▸ Aim of the task
Exactly reproduce the lines of the listing below from the one containing "Sones Moda El" through the one containing "Elegante Blume Folien". Skip the images.

(Material for the task)

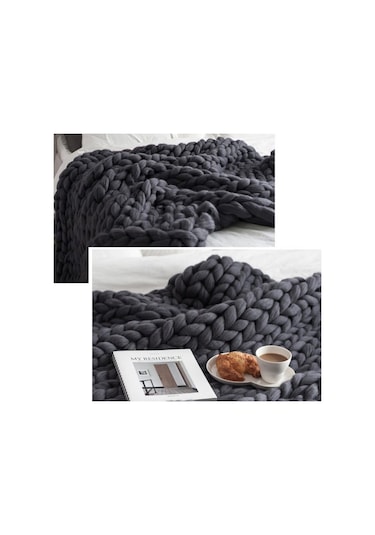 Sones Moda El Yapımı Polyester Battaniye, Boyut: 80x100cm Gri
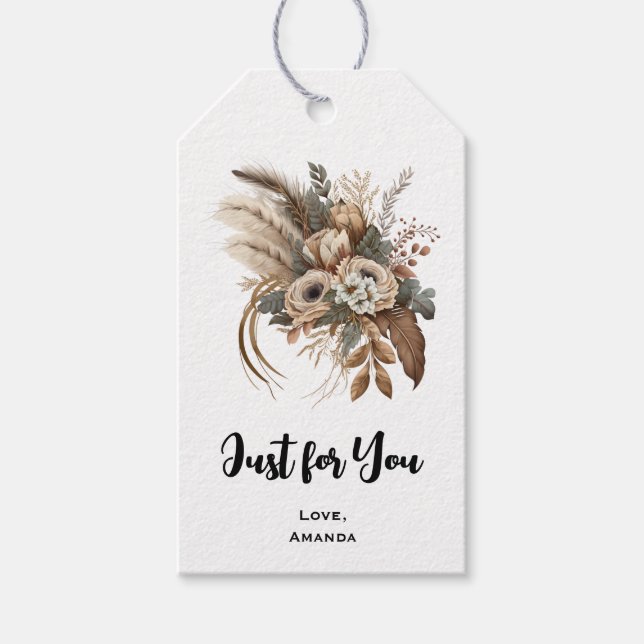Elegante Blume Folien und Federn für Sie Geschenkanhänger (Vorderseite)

(End Material for the task)
(Material for the task)

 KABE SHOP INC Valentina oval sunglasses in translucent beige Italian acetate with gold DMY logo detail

(End Material for the task)
(Material for the task)

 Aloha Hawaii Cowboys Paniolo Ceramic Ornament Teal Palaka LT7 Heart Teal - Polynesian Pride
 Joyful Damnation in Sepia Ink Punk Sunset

(End Material for the task)

▸ Problem solution
 Sones Moda El Yapımı Polyester Battaniye, Boyut: 80x100cm Gri
Elegante Blume Folien und Federn für Sie Geschenkanhänger (Vorderseite)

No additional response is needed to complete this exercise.